We used a histone ChIP-seq data set from a study of the epigenetic profiling of the X chromosome during X inactivation (GEO access number GSE15814) (35). To identify epigenetic changes associated with X inactivation, the study generated the epigenetic ChIP-seq profile of H3K27me3 for mouse male (E14) and female (LF2) embryonic stem (ES) cells, together with their differentiated derivative 10-day embryoid bodies (10dEB). Our analysis was to detect changes in H3K27me3 epigenetic marks between the ES cells and 10dEB cells in males, and separately, in females, and then to identify epigenetic changes associated with X inactivation in females by comparing ES versus 10dEB changes between males and females.

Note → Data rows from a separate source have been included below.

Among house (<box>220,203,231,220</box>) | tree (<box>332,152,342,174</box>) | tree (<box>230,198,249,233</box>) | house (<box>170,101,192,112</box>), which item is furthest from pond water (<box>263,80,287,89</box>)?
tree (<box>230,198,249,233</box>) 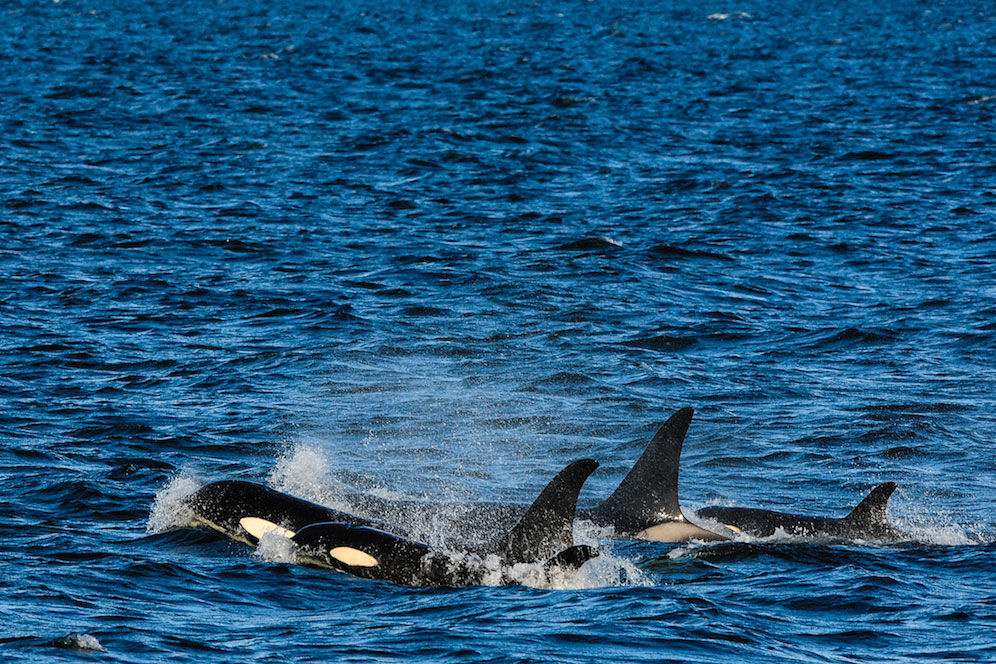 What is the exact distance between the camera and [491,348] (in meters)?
20.9

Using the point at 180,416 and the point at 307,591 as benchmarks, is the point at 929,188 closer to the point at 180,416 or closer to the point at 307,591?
the point at 180,416

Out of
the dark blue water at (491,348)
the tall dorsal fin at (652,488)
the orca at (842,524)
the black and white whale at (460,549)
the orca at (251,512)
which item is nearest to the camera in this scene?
the dark blue water at (491,348)

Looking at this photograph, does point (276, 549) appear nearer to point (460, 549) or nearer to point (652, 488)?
point (460, 549)

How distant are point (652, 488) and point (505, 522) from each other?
4.76 feet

The data set contains a total of 19 lanes of H3K27me3 sequencing data: 4 for male ES cells (E14-undiff), 6 for male 10dEB cells (E14-10dEB), 4 for female ES cells (LF2-undiff) and 5 for female 10dEB cells (LF2-10dEB). We used MAQ to align reads to the whole mouse genome (UCSC mm9). The numbers of uniquely mapped reads in millions for the four cell types are: 5.92 for E14-undiff, 8.62 for E14-10dEB, 6.51 for LF2-undiff and 7.50 for LF-10dEB.
For comparative analysis of the abundance of H3K27me3 epigenetic marks, we selected a genomic region for each gene that included the entire gene region (exons and introns) and a 1000bp upstream promoter region. H3K27me3 epigenetic marks within this region presumably have major effects on control of in gene transcription (35). We applied EpiCenter’s type ‘31’ analysis (see EpiCenter Manual at http://www.niehs.nih.gov/research/resources/software/epicenter/docs/epicenter-manual.pdf), which allows users to easily select a gene and its flanking regions for comparative analysis.
We chose, via an option in EpiCenter, not to normalize read counts by the length of gene region for two reasons: (i) mouse genes vary substantially in length, from over 2 million bp (e.g. Dmd, Cntnap2) to just over a few hundred bp (e.g. Hist1h2ba, Prm3); (ii) the abundance of H3K27me3 is expected to change across different regions of a gene. A consequence of a non-uniform distribution of reads is that an initial filter based on an estimated global noise rate tends to be problematic. Instead, we filtered out genes with the maximum read counts <60 of two samples in each comparative analysis. After filtering, we had over 10000 genes remaining in both male and female samples.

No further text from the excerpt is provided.